Figure 6.

Analysis of δ-SG transcript in the CM hamsters. (a) Multiplex RT-PCR. (Upper) The sizes of PCR products for GAPDH and δ-SG (indicated by arrows) are 452 and 150 bp, respectively. Lanes: 1, 2/1 μl; 2, 2/4 μl; 3, 2/16 μl; 4, 2/64 μl; 5, 2/256 μl of template cDNA. The forward (exIIF) and reverse (exIIR2) primers were both located in the second exons. (Lower) The densities of each band quantified by nih image software are plotted. Note that GAPDH, an internal standard, was equivalently amplified. The amount of δ-SG transcript in B (•) was estimated to be 20–40 times lower than that of G (○).
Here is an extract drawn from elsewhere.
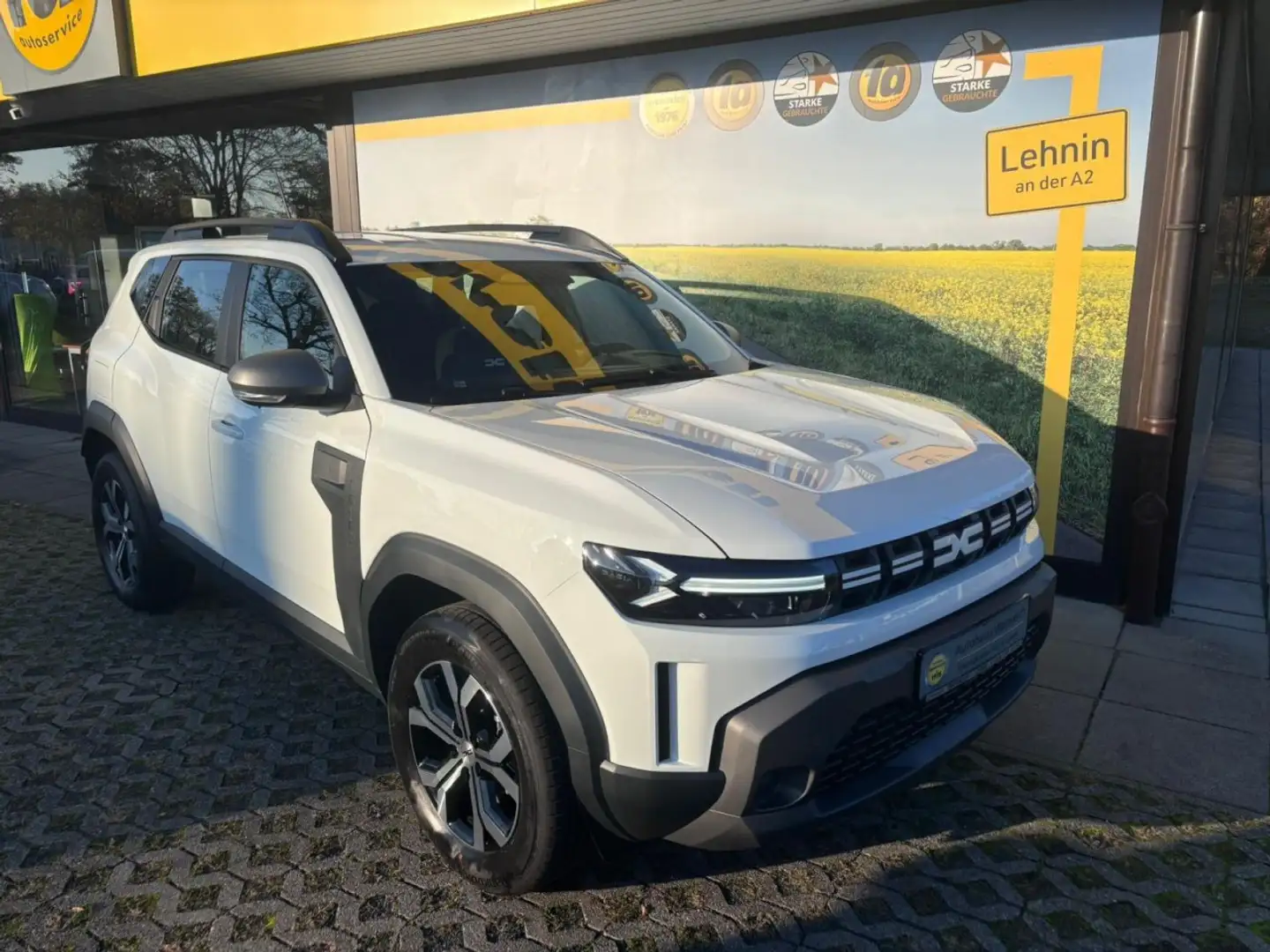 Dacia Duster mit Winterpaket Klima Rückfahrkamera Sitzheizung Silber - 2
The similar data were also obtained for U and T (data not shown). (b) RT-PCR targeted for the authentic first and the second exons of δ-SG. The forward (exIF) and reverse (exIIR1) primers were located in the authentic first and the second exons, respectively. Note that a 217-bp band was detected only for G. N, no template. (c) 5′ RACE. The size of the bands was 0.5 kb. N, no template. (d) Localization of the alternative first exon of δ-SG. (Left) Ethidium bromide staning. (Right) Southern blot analysis with an alternative first exon probe (AlEx 1; 274-bp PCR products amplified with a primer set of alexIF and alexIR). Lanes: 1, 13.3-kb EcoRI–EcoRI fragment of the first intron of normal δ-SG gene containing the deletion breakpoint (Fig. 3 Middle); 2, 1.1-kb Ex 2 fragment (Fig. 3 Upper); 3, AlEx 1 probe as a positive control for hybridization. Note that AlEx 1 probe did not hybridize the genomic fragments of normal hamsters corresponding to lanes 1 and 2 that cover the genomic region between the deletion breakpoint and the second exon of δ-SG of the CM hamsters.